Western blot (WB) analysis
WB analysis was performed as previously described.[24] The primary antibodies were employed: CBX2 (Proteintech, China), CDK4/6 (Proteintech, China), cyclin D1 (Proteintech, China), Flag (Sigma-Aldrich, USA), Ha (Abmart, China), Mettl3 (Abclonal, China), and GAPDH (Abcam, England).
Immunoprecipitation (IP)
In total, 293 T cells transfected with plasmids were taken using a scraper and lysed in cell lysis buffer (Beyotime). Then they were pre-cleared and immunoprecipitated with anti-FLAG or anti-Ha magnetic beads (Bimake). At last, the IP product was subjected to WB analysis.
Flow Cytometry
Apoptosis and cell cycle distribution analyses were carried out on a FACSCalesta flow cytometer (BD Biosciences). HCT116 and HT29 cells were incubated until it reached 85% confluency before harvesting and analysis. The processing of cells was based on the guidelines of Annexin V-FITC/PI Apoptosis Detection Kit and Cell Cycle Assay Kit (BestBio, China).
Cell proliferation and migration assay
MTT, colony formation and wound healing assays were performed as previously described.[24] For matrigel invasion assay, transwell chambers (Corning, USA) covered with Matrigel (Corning, USA) were used for another migration experiment. Cells (8×104) were positioned in the top chamber under conditions with no serum when a medium containing 10% fetal bovine serum was used in the bottom chambers. After 2 days, we scrubbed inner chambers and cells which had moved to the other side of the membrane were exposed to fixing, staining with crystal violet and counting under a microscope.
Animal studies
Male BALB/c mice were brought from Gempharmatech Limited Company and kept in specific facilities with no pathogen at Anhui Medical University. For the nude mouse tumour formation assay, it was performed as previously described.[24] For an animal model of liver metastasis, the suspension (5×106 cells in 200 μl PBS) was given by injection into the lower pole of the mouse spleen after an open operation and mice underwent sacrifice after five weeks. The liver and lungs were taken for follow-up studies.
Immunofluorescence
After antigen retrieval, sections were treated with 5% goat serum (ZSGB-BIO, China) for 30 min, and then the primary antibody (1:100 dilution), such as Ki67 and cleaved caspase 3 (ABclonal, China), was added drop by drop and inserted into the incubator overnight.

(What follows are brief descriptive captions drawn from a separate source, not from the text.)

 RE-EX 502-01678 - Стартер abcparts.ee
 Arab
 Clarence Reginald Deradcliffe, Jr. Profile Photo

After incubation with fluorescein isothiocyanate (FITC) secondary antibody and 4',6-diamidino-2-phenylindole (DAPI), the sections were immediately mounted and observed with a fluorescence microscope.
Results
CBX2 expression is upregulated in CRC tissue samples
Expression of CBX2 was shown to be significantly higher in CRC tissues than in paracancerous tissues (Figure 1A). Moreover, IHC and WB further established that CBX2 protein level was noticeably increased in colorectal neoplasia tissues (Figure 1B and C). Additionally, with the increase of tumour staging, the expression level of CBX2 also increased significantly (Figures 1D and E), suggesting that CBX2 may be related to a low prognosis in patients with CRC.

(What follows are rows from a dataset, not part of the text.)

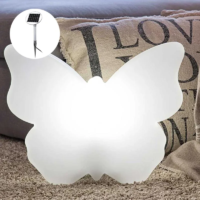 8 seasons design Shining Butterfly Solar – Bild 3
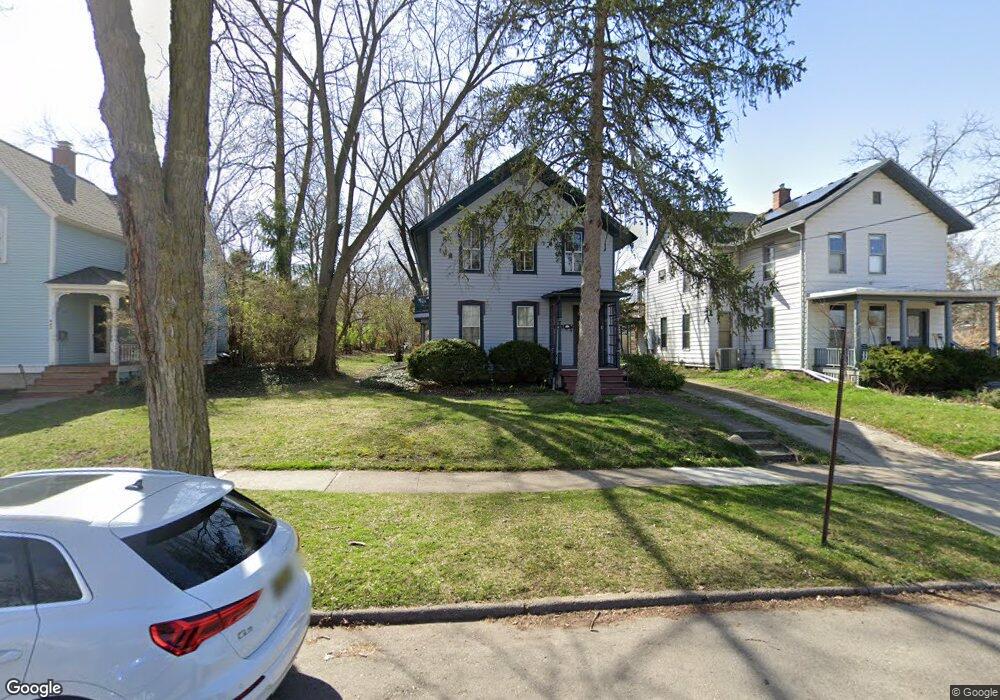 436 5th St, Ann Arbor, MI 48103 - photo 1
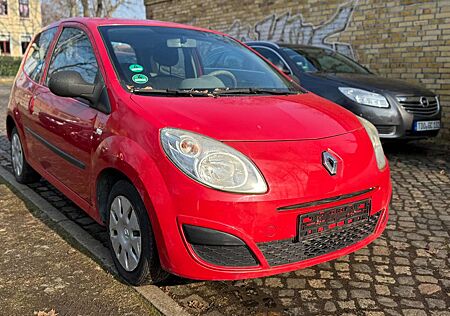Renault Twingo Diesel 1.5 dCi Expression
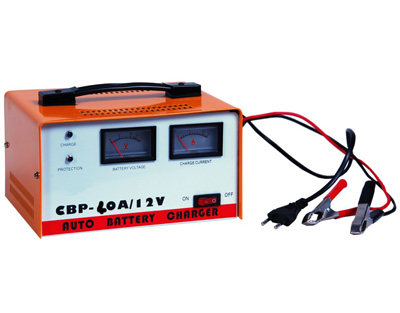 Batterie Ladeger�t 40 A 12 V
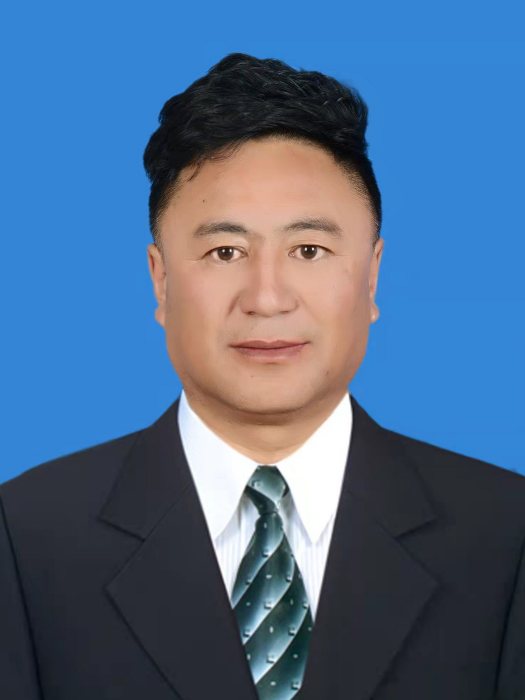 格拉(四川省阿壩藏族羌族自治州若爾蓋縣人大常委會副主任)
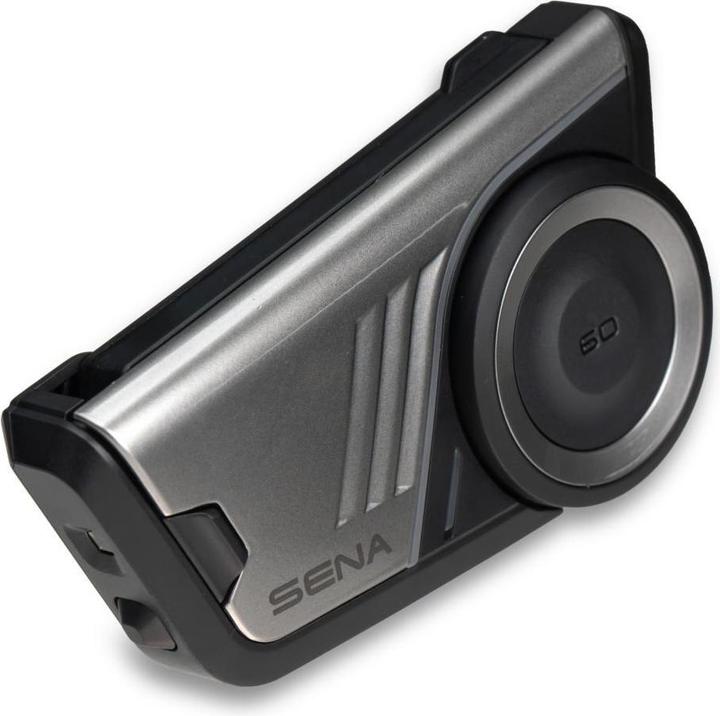 Sena 60S Mesh-Intercom Headset Sound by Harman Kardon 2er-Set (2er Set)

Depletion of CBX2 inhibits cell proliferation and arrests cell cycle
WB and qPCR were conducted to analyse CBX2 expression level in five CRC cell lines (HCT116, HT29, SW480, RKO, and LOVO) and a normal intestinal epithelial cell line (NCM460). The results presented that CBX2 expression showed significant increase in CRC cell lines than in normal cell lines (Figure S1A and B). Then we used the CRISPR/Cas9 system to delete CBX2 expression in two different cell lines (HCT116 and HT29). WB results showed that CBX2 expression levels in KO cell lines was significantly decreased compared to the control cells (Figure 2A). MTT and clone formation assay identified that ablation of CBX2 inhibited cell proliferation (Figures 2B and C). Although flow cytometry analysis revealed that CBX2 KO had no significant effect on apoptosis (Figure S2A), we discovered that G1/S phase cells elevated after deletion of CBX2, while G2 phase cells significantly reduced (Figure 2D). We also analyzed the expression of genes associated with the cell cycle using WB. As expected, cyclin-dependent kinase 6 (CDK6) and cyclin D1 (CCND1) were significantly decreased in CBX2 KO cells in comparison with the control cells (Figure 2E).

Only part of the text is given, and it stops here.